ぽとりと彼女の手から九七式中戦車(※チハ)のねんどろいどストラップが落ちた。
(「彼女がタンクだった……別れたい」おしまい)
私の彼氏はちょっと凄い。身長は172センチくらいしかないけどモデルさんのように顔が小さくて綺麗な顔立ち。ちょっとポーっとしているけど、頭もよくて成績はいつも上位。その上バスケのレギュラー。なんで私なんかと付き合っているの? ってよく友達には言われちゃっている。
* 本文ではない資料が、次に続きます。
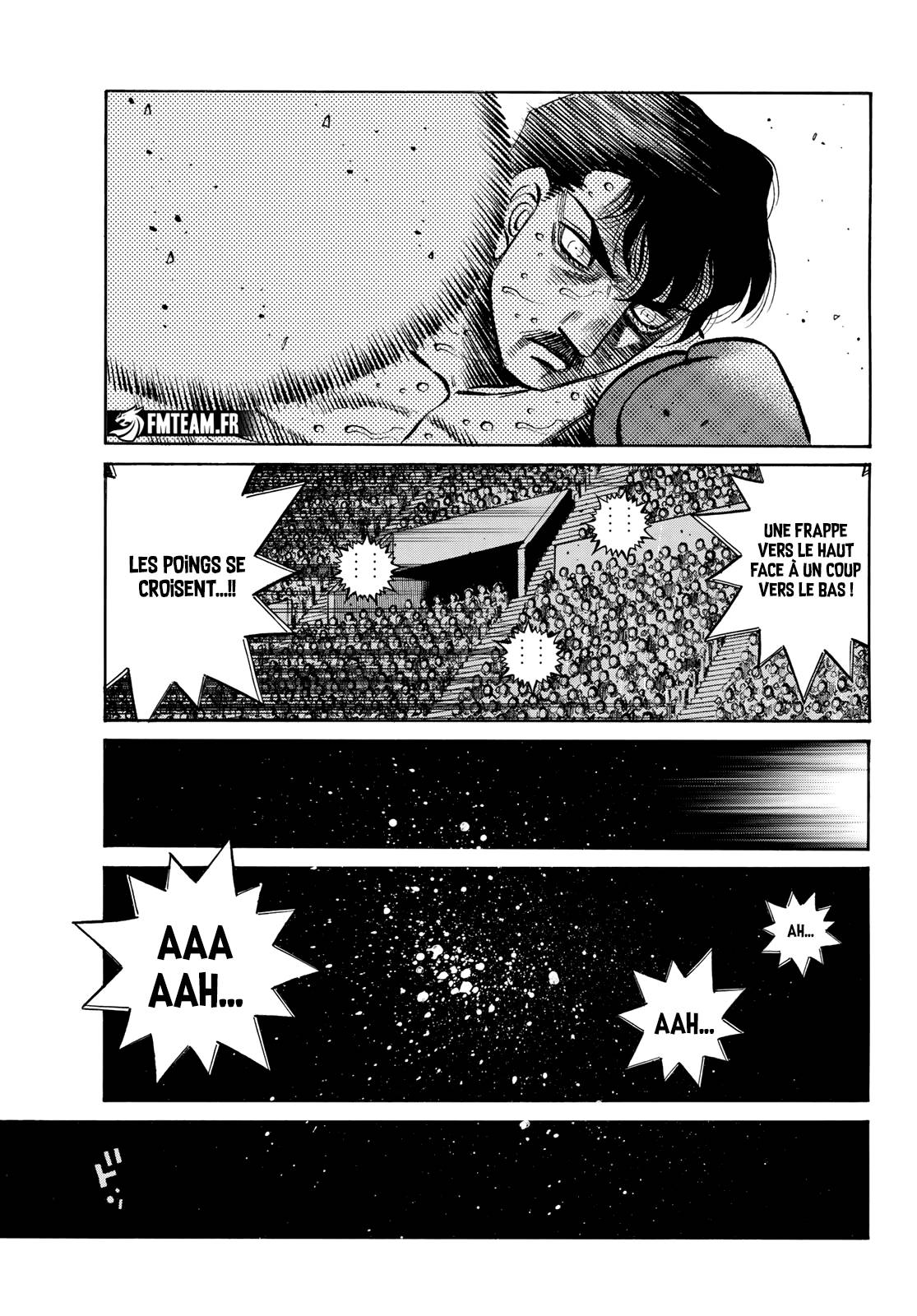 Lecture en ligne Hajime No Ippo 1515 page 5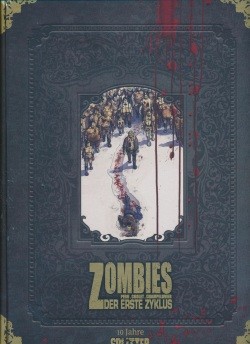 Splitter Jubiläumsband 06: Zombies – 1. Zyklus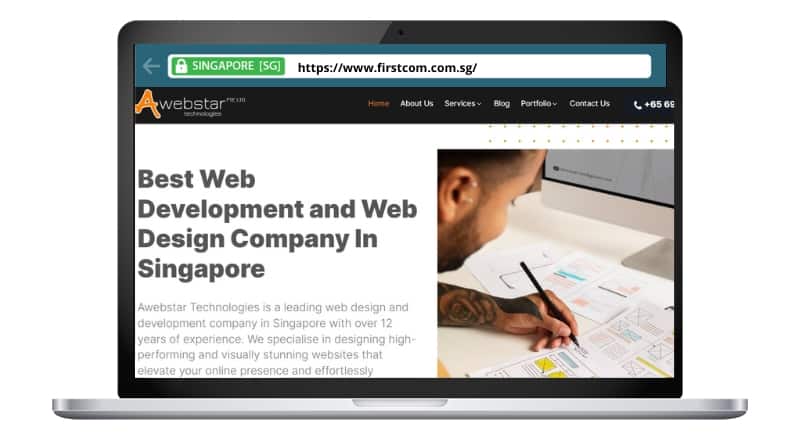 Awebstar Technologies Pte.Ltd.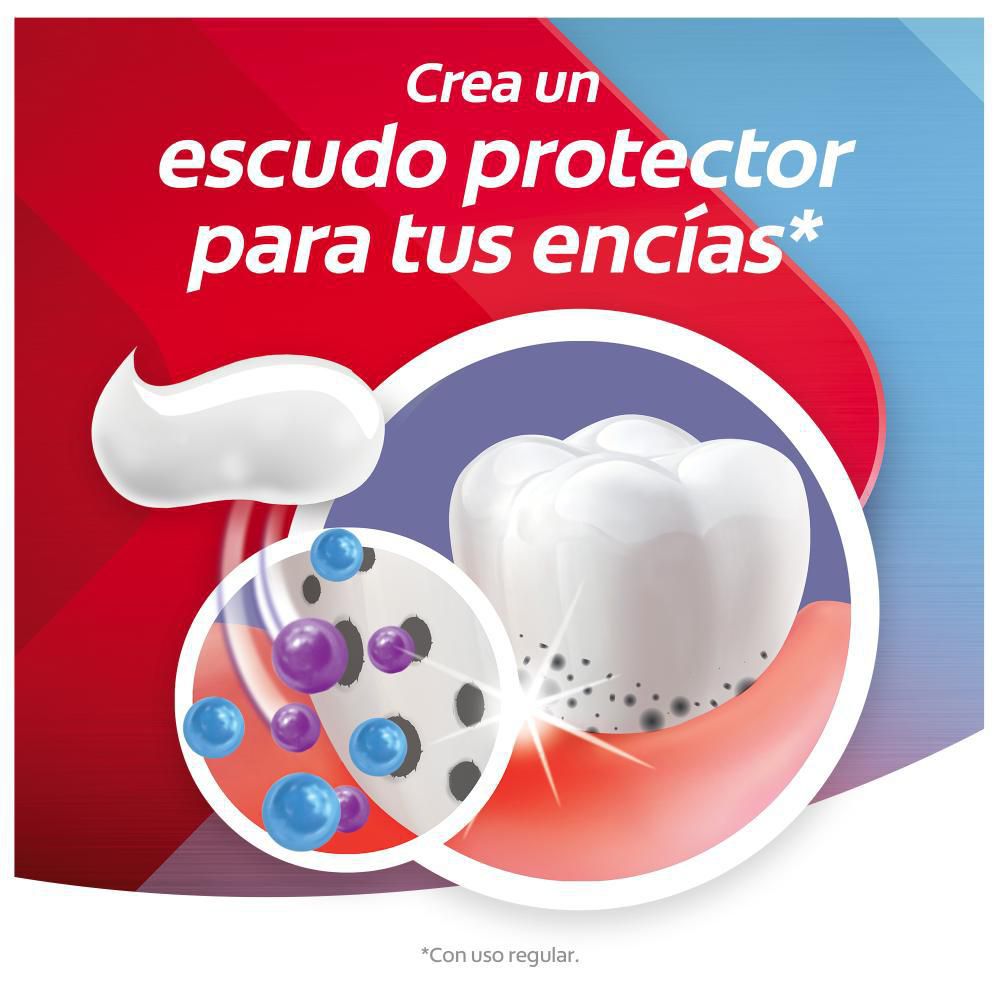 Crema dental COLGATE sensitive pro alivio encías (60  ml) img #4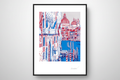 Vitali Komarov "Spring on Canal Grande" | Certified Art Print
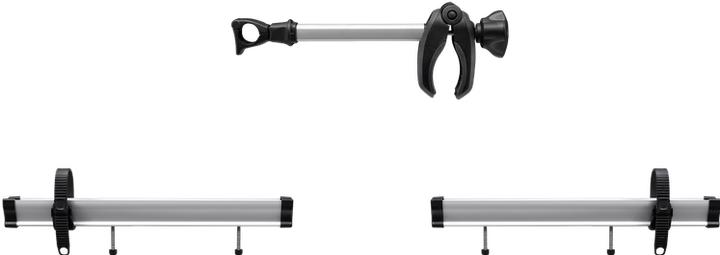 Image du produit Thule Kit d'extension 3ème roue| E5316 (Argent, Noir)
発端は聖地こと同人誌即売会でのこと。某枢機軸国家の軍服コスプレをした私たちはWW2限定の歴史系BL本を売っていた。
「意外と順調だねぇ」
この子は潤子。山の上のお嬢様学校に通う。私の同志である。
「やっぱり、ルーデル様総受けが正義ね!」
激しく同意しあう私たち。
遺族様御免なさい。BLの道は修羅と宿業の道。外れることなどできやしない。
そうやって盛り上がる私たちにものすごい美人の女の子が声をかけてきた。
彼女の周囲は遠慮を知らないカメラもちが写真を何枚も撮っている。
ほっそりとした体つきに綺麗で長い繊細な手足。
その身を包むは人気RPGシリーズの女性キャラクター『サンダーボルト』嬢のコスプレ。
「あれ? 君は木下さんじゃ」
「わ、私、何処かで貴女とお会いしましたか」
「うん。オレオレ。加藤隼人」
ぺろんと長髪のかつらをとる彼。
私のコスプレを見て声をかけてきたのは、学校の女子みんなの憧れの青年だった。正直、ショックで死にたいと思ったのはここではおいておく。
これがきっかけで私の腐女子を隠すためコスプレ仲間としての付き合いが始まり今に至る。
そして。
「遅い」
イライラ。キャラクタークリエイトのカスタマイズにどれだけ時間がかかっているのよ。
どうせ彼のことだから、憧れの『サンダーボルト』に似せた女性キャラにするつもりなんだろうけど。
『いや、もうキャラできてるよ木下~~!』
唐突に彼の遠隔通信(※テル)が入った。
「だったら、ここにいていいはずでしょ」
声はするのに姿は見えず。不可解だ。
変な銀色の鳥が周囲を旋回している。へんなの。
『いや、このゲーム初プレイだから操作に慣れなくて』
「普通に歩けば歩けるし、コマンドを発動で達人の動きもできるようになるわ」
『なかなか巧く飛べないんだ』
飛ぶ?!!!
銀色の翼が、こちらに突っ込んでくる。
思わず頭を引っ込めた私の上を超高速で飛び去る銀色の影。ヴァーチャルリアリティ化された私の髪が完全に乱れて視界を覆い隠すが、私は確実に去り行く『ソレ』の姿を確認していた。
「そっちはA-10サンダーボルトじゃないのっっ?!」
間違ってもゲームキャラではない。ルーデル神様の魂宿る無敵の爆撃機。A-10サンダーボルト。
その銀の翼ははるか遠くで手を振るように揺れていた。
To Be Continued……?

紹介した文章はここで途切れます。